Work task:
Look below for the line that contains "Rare opportunity to" and the line that contains "Spécimen de Hosta", then restate both of them and every line in between, exactly. No picture goes in the copy.

Supplied material:
+---+
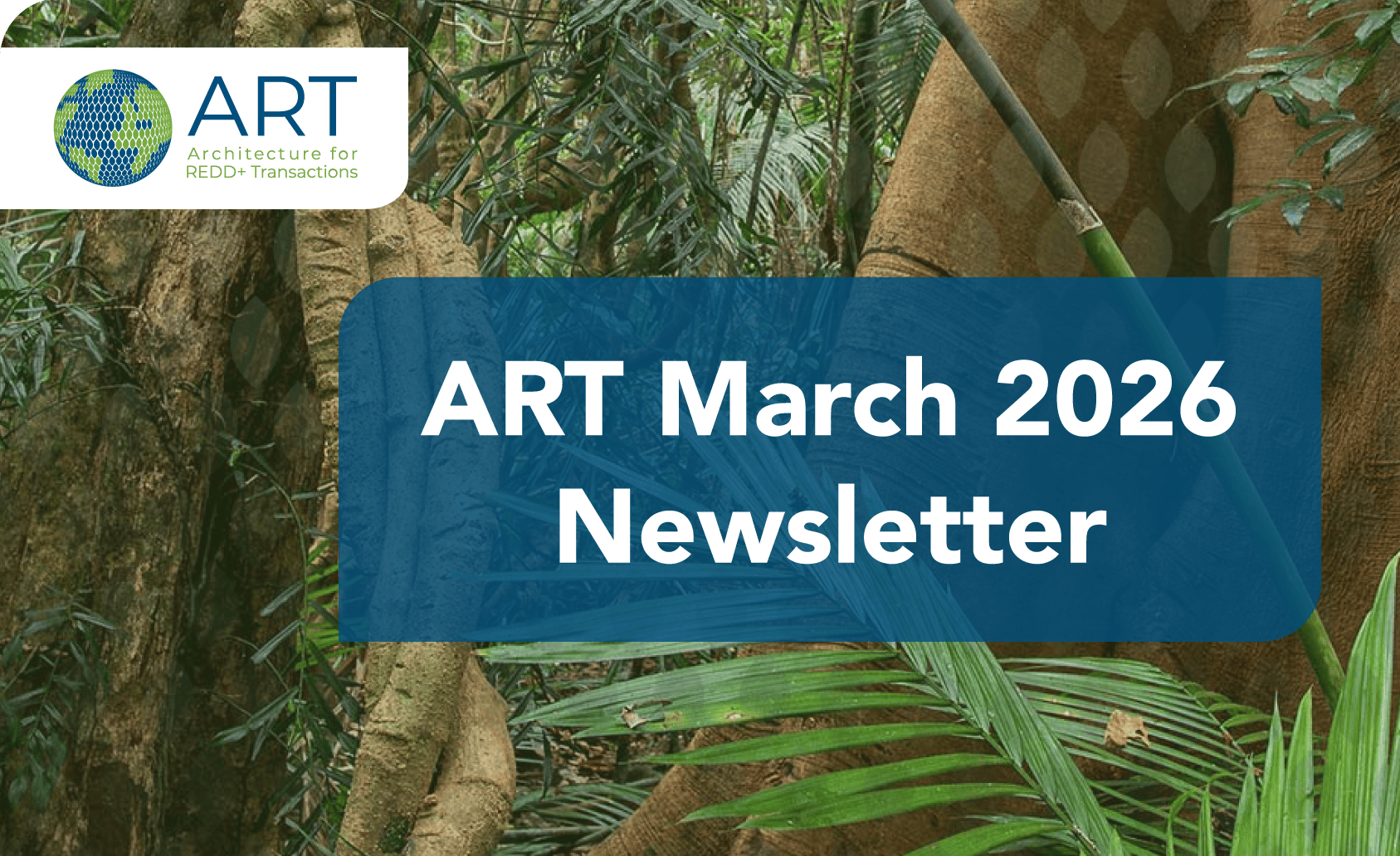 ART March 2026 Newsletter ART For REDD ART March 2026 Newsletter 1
+---+
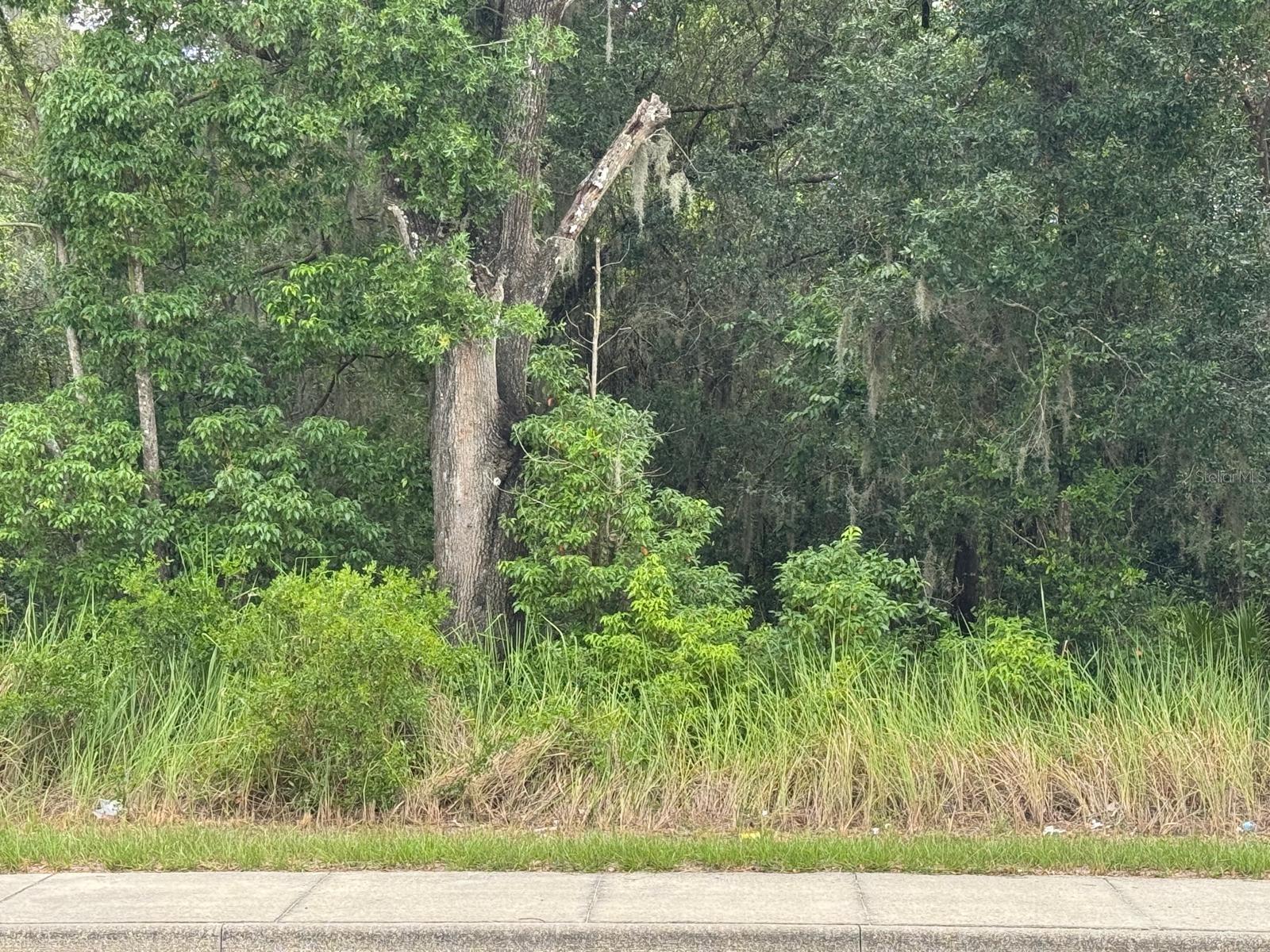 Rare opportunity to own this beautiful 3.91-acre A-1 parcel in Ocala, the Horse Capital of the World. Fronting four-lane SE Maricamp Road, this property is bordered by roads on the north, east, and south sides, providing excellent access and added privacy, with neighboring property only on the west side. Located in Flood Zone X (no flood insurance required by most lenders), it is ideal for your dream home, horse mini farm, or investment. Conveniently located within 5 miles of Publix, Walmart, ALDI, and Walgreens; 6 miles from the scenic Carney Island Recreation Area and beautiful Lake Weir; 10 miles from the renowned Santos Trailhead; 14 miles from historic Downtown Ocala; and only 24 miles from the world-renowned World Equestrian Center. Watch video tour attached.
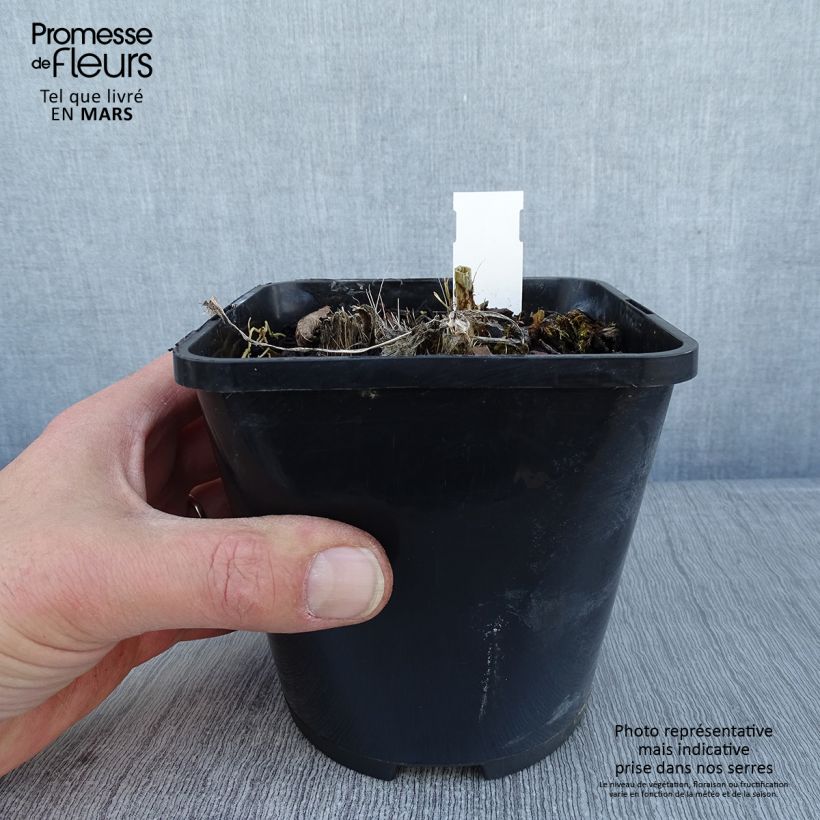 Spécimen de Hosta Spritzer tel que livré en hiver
+---+
Written solution:
 Rare opportunity to own this beautiful 3.91-acre A-1 parcel in Ocala, the Horse Capital of the World. Fronting four-lane SE Maricamp Road, this property is bordered by roads on the north, east, and south sides, providing excellent access and added privacy, with neighboring property only on the west side. Located in Flood Zone X (no flood insurance required by most lenders), it is ideal for your dream home, horse mini farm, or investment. Conveniently located within 5 miles of Publix, Walmart, ALDI, and Walgreens; 6 miles from the scenic Carney Island Recreation Area and beautiful Lake Weir; 10 miles from the renowned Santos Trailhead; 14 miles from historic Downtown Ocala; and only 24 miles from the world-renowned World Equestrian Center. Watch video tour attached.
 Spécimen de Hosta Spritzer tel que livré en hiver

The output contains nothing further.